- [WHAT YOU HAVE TO DO]: Without the pictures, repeat all of the data exactly as it appears below.

- [DATASET EXCERPT]:
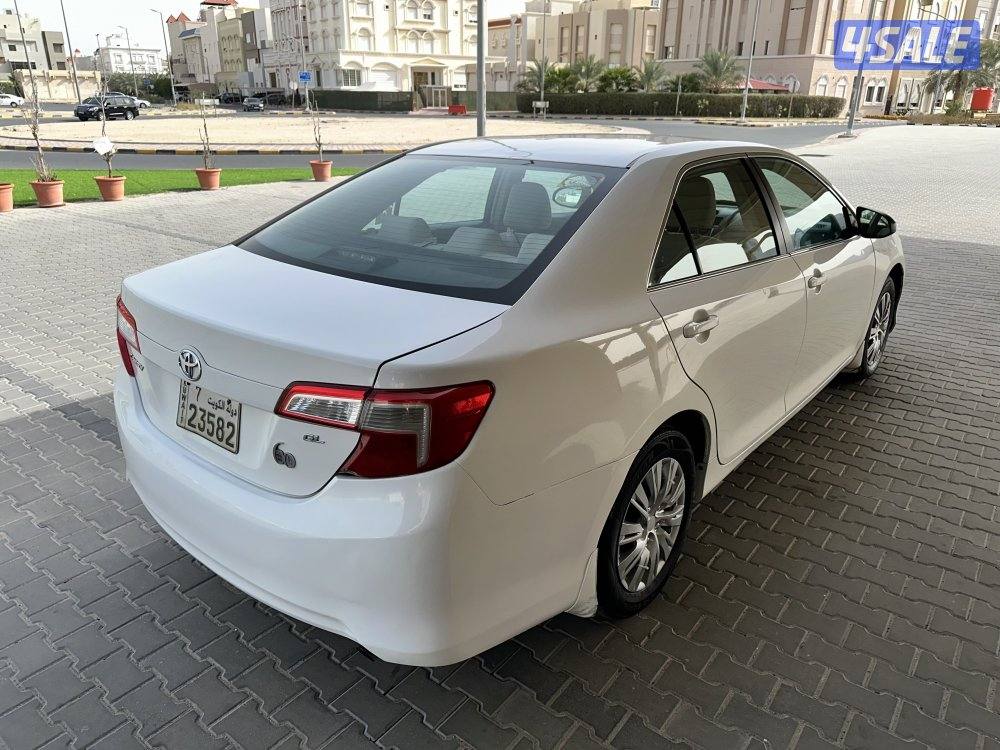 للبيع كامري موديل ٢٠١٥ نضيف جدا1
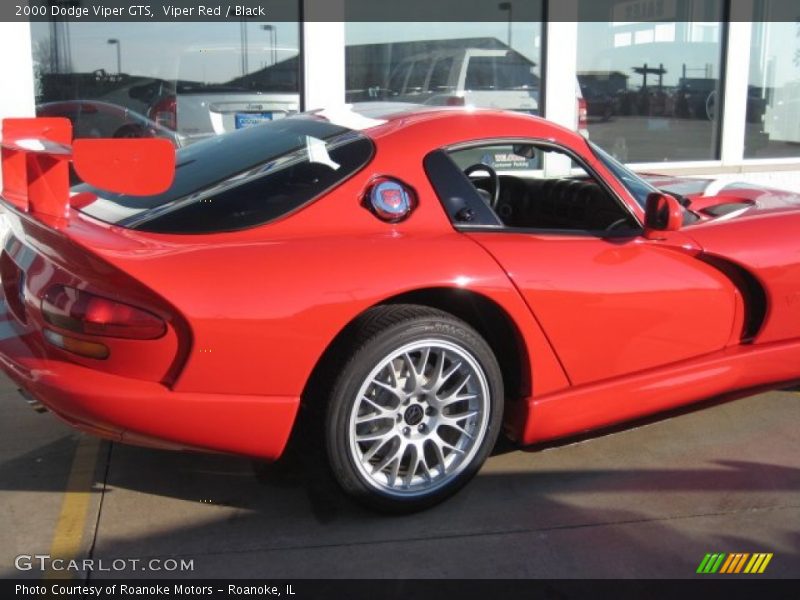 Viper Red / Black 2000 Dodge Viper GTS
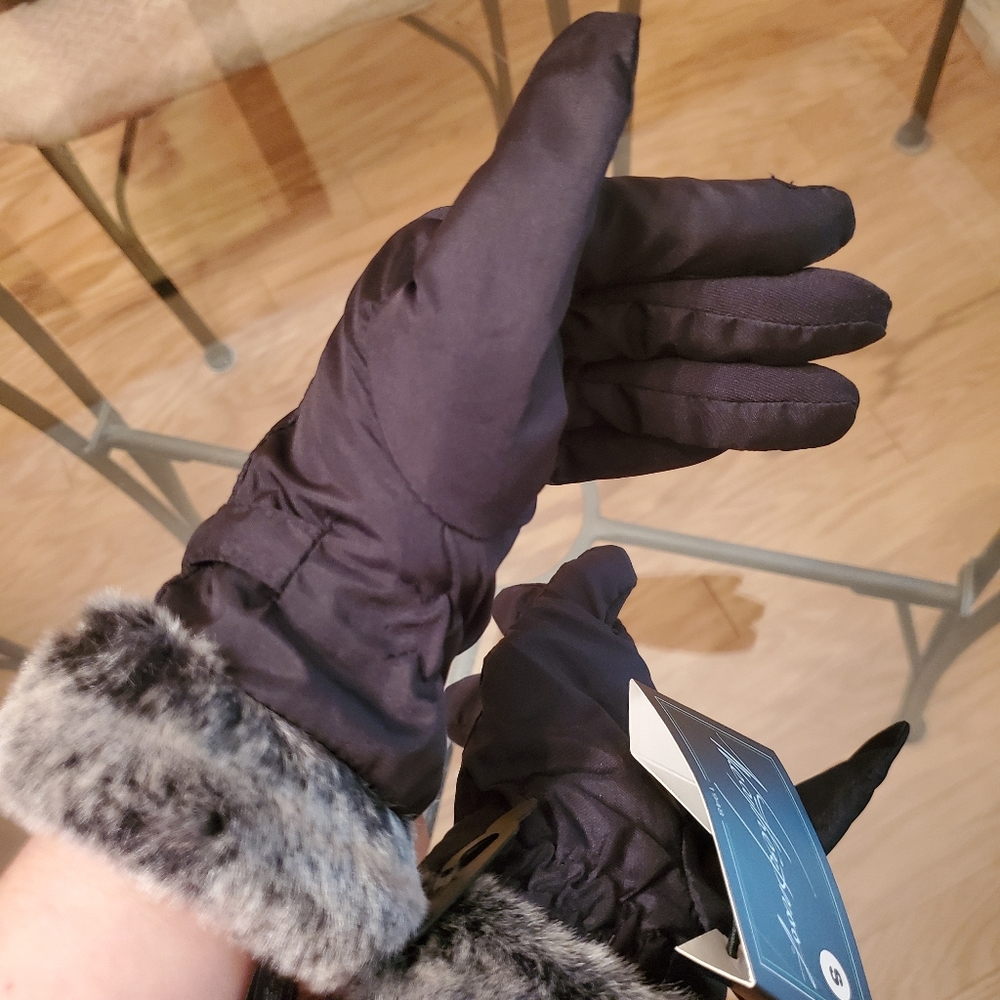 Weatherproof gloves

- [SOLUTION TO THE EXERCISE]:
 للبيع كامري موديل ٢٠١٥ نضيف جدا1
 Viper Red / Black 2000 Dodge Viper GTS
 Weatherproof gloves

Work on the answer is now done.